Work request
Reproduce the section of the listing that begins at the line containing "Cozmo Yachts - Private" and finishes at the line containing "Acoola Майка 569295 20234220015 молочный". Include both end lines and nothing beyond them.

Material provided
== Segment start ==
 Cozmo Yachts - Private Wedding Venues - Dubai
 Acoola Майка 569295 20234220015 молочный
== Segment end ==
== Segment start ==
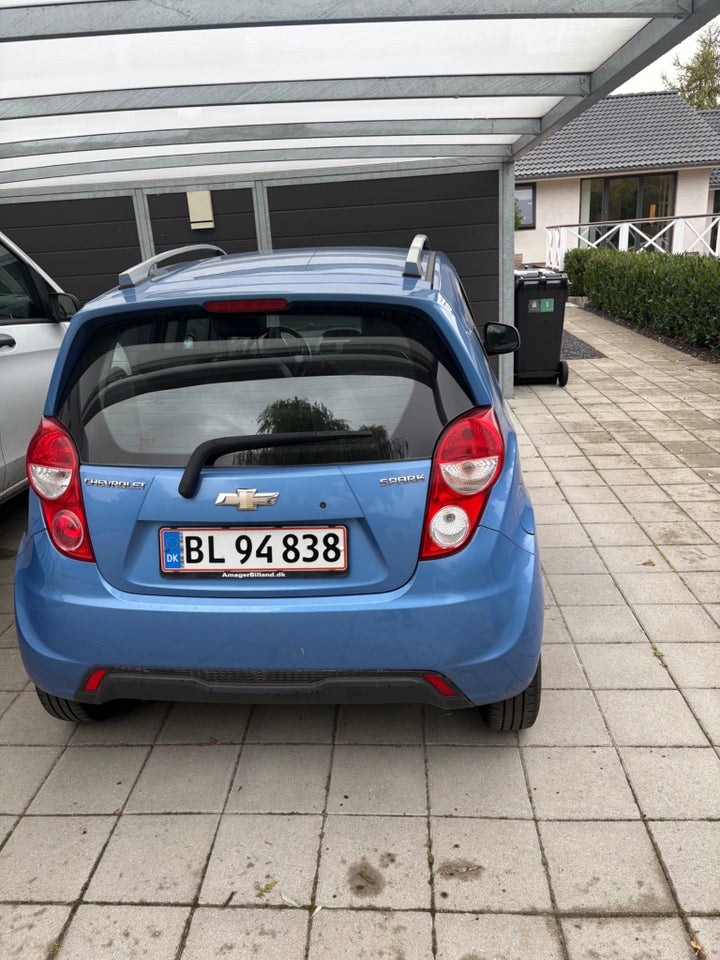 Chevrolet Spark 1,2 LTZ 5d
== Segment end ==
Solution for this exercise
 Cozmo Yachts - Private Wedding Venues - Dubai
 Acoola Майка 569295 20234220015 молочный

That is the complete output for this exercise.